À vrai dire, il n’y a qu’au Brésil que les biocarburants ont percé ; au mois de mai, 75 % des véhicules neufs qui y ont été vendus sont « flex fuel ». Les raisons de cette réussite sont nombreuses. Tout d’abord, les Brésiliens ont été les premiers, sous la dictature militaire, à mettre en place cette filière. Après le premier choc pétrolier, ils ont lancé un plan « ProAlcool » en 1975, afin de limiter la dépendance énergétique de leur pays grâce à la canne à sucre. Malgré la baisse du prix du pétrole dans les années 1980, les Brésiliens ont conservé l’habitude des carburants verts, qu’ils peuvent acheter dans toutes les stations-service.
Deuxième atout, l’éthanol brésilien provient de la canne à sucre, qui possède le rendement énergétique le plus élevé. Troisième avantage : le Brésil est un pays vaste qui s’est hissé à la première place mondiale des producteurs de sucre grâce à ses immenses plantations. Les experts estiment qu’il parviendra sans mal à doubler sa production d’éthanol en quinze ans. Et, si les cours de ce dernier s’effondraient, les Brésiliens auraient les moyens d’augmenter leur production de sucre alimentaire.

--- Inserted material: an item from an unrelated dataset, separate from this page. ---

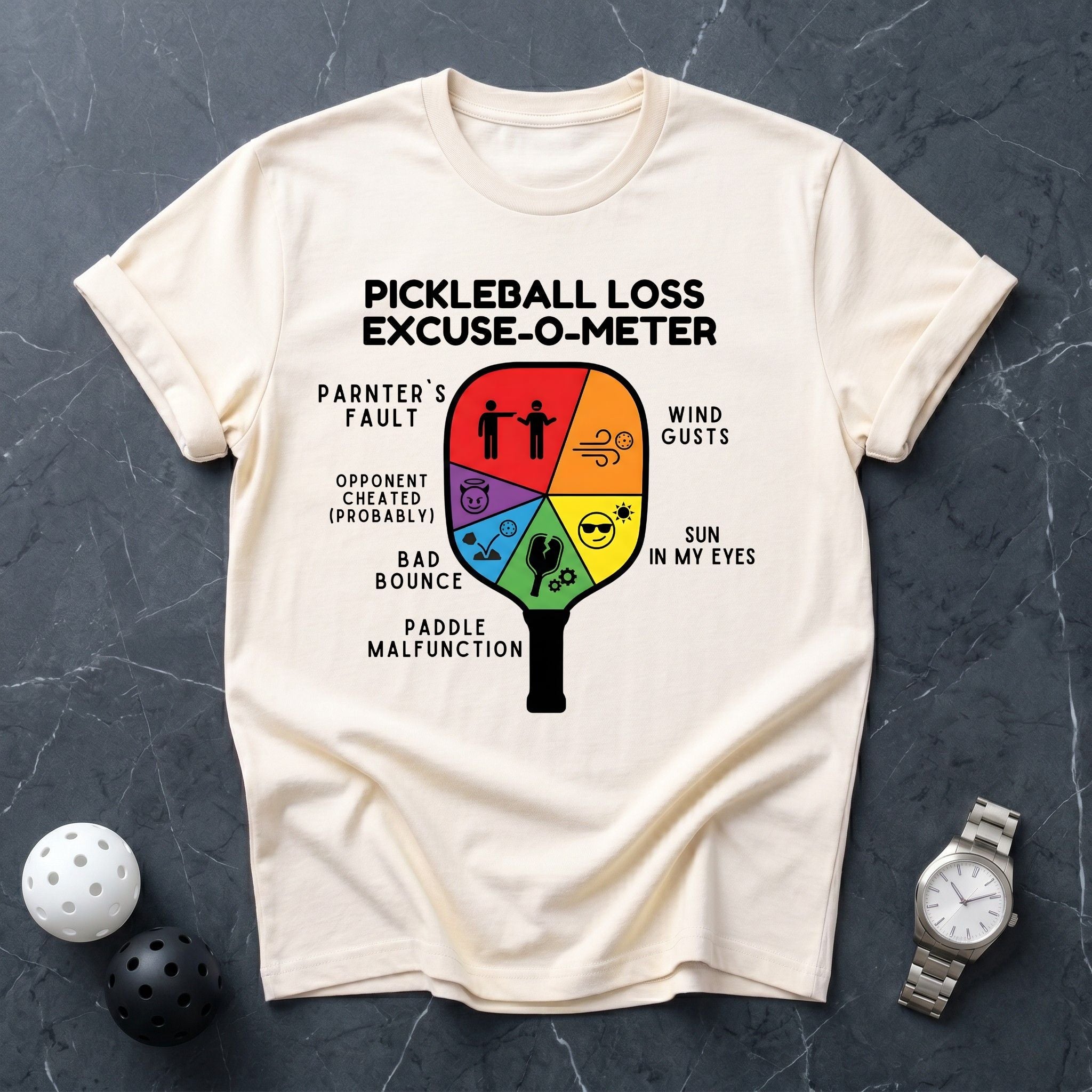 Pickleball Loss Excuse - O - Meter Tee - Dink it Shop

Le cas des États-Unis, deuxième producteur mondial d’éthanol, laisse perplexe. D’un côté, les appels du président Bush en faveur de l’usage de l’éthanol suscitent les sarcasmes de nombreux médias : si les États-Unis fabriquent un carburant E 85 (85 % d’éthanol à partir du maïs et 15 % d’essence), il est difficile de se le procurer, car seulement 587 stations-service sur 170 000 le distribuent Pourtant, les États-Unis ont quintuplé en trois ans leur production. Surtout, ils misent sur un procédé de fabrication à partir des fibres cellulosiques (bois, tige de maïs, paille de blé) qui ont un bien meilleur rendement environnemental et réduisent fortement les coûts de production.
« On n’arrêtera pas les États-Unis, estime Jean-Luc Bohbot, directeur général du premier négociant mondial en sucre, le français Sucden. Leur volonté politique a accéléré la demande d’éthanol en Amérique et provoqué des réactions en chaîne d’importations entre les pays. La récolte record de canne au Brésil aurait dû faire baisser les cours. Or ils sont restés stables, parce que les cannes sont plus utilisées désormais pour faire de l’éthanol que du sucre. »

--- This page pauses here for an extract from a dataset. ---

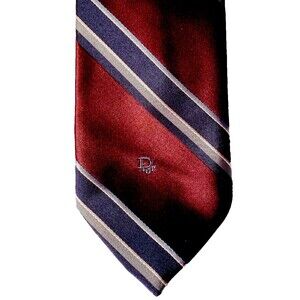 Christian Dior Logo Tie Vintage Stripe Red Wine Burgundy Blue Italy Y2K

Et l’Europe ? Elle est à la traîne et produit trois fois moins d’éthanol que les États-Unis. La Suède semble décidée à subventionner au maximum sa filière éthanol basée sur les vins déclassés. L’Allemagne et la France préfèrent la solution biodiesel. Mais tout reste à faire sur le Vieux Continent : équiper les véhicules avec des moteurs adaptés, harmoniser les aides fiscales et les spécificités techniques des carburants, aménager le système de distribution.

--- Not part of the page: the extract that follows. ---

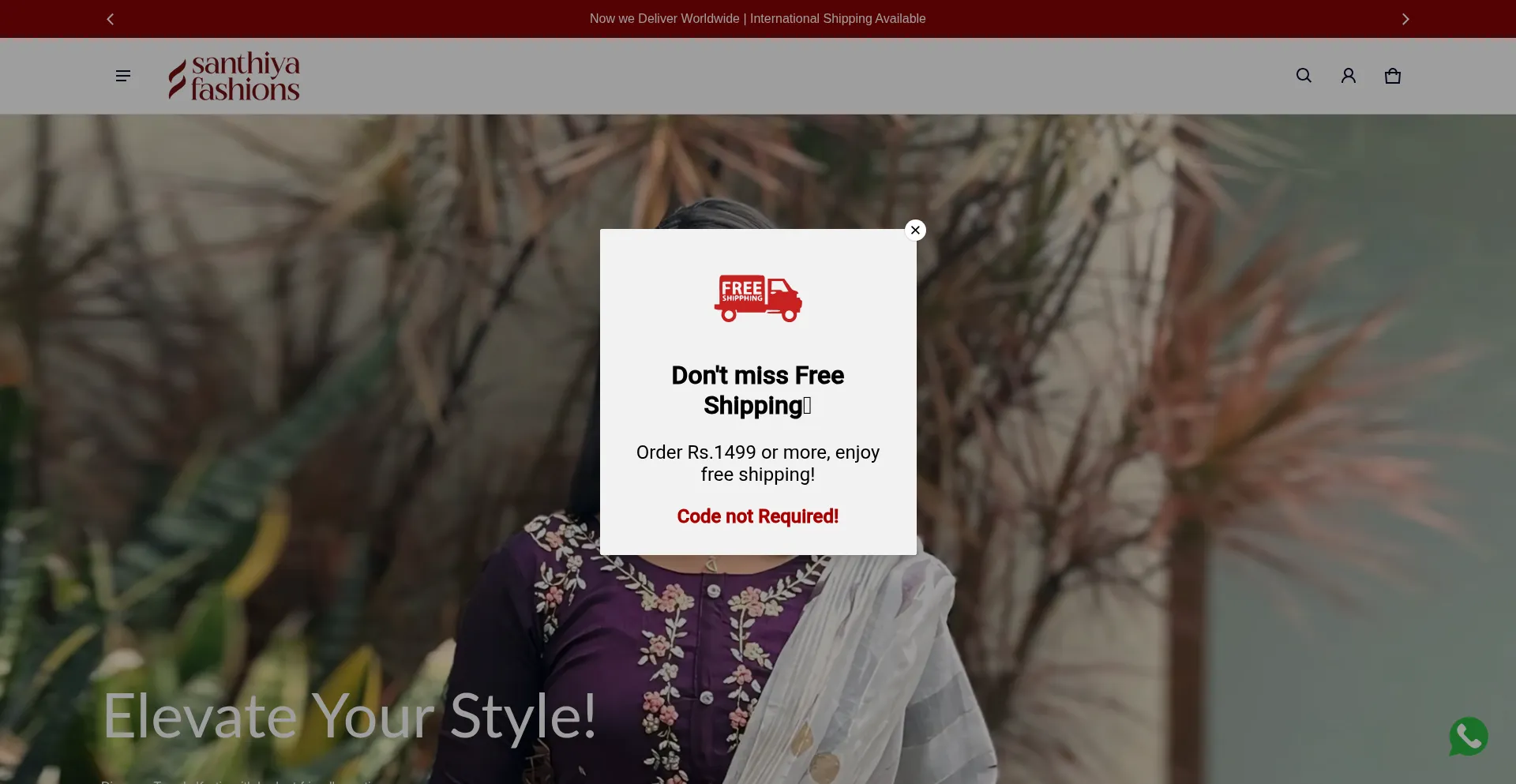 Website screenshot of Santhiyafashions.com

Dans le tourbillon des déclarations gouvernementales soucieuses de « faire vert » et d’annoncer l’avènement prochain des biocarburants, la position du groupe français PSA (Peugeot-Citroën) est un rappel à la raison. « Nous sommes totalement favorables à ces carburants, explique Marc Bacqué, porte-parole du groupe pour l’innovation, la technologie et l’environnement ; 80 % de nos ventes au Brésil sont des véhicules flex fuel, c’est-à-dire capables de rouler jusqu’à 100 % à l’éthanol. Mais le modèle brésilien n’est pas transposable en Europe. Chez nous, la meilleure et la plus économique façon de diffuser les biocarburants est de les mélanger avec le carburant fossile pour les diffuser progressivement à l’ensemble du parc automobile sans avoir à modifier celui-ci. » Autrement dit, le carburant d’origine végétale complétera les produits pétroliers de plus en plus, mais ne les remplacera pas.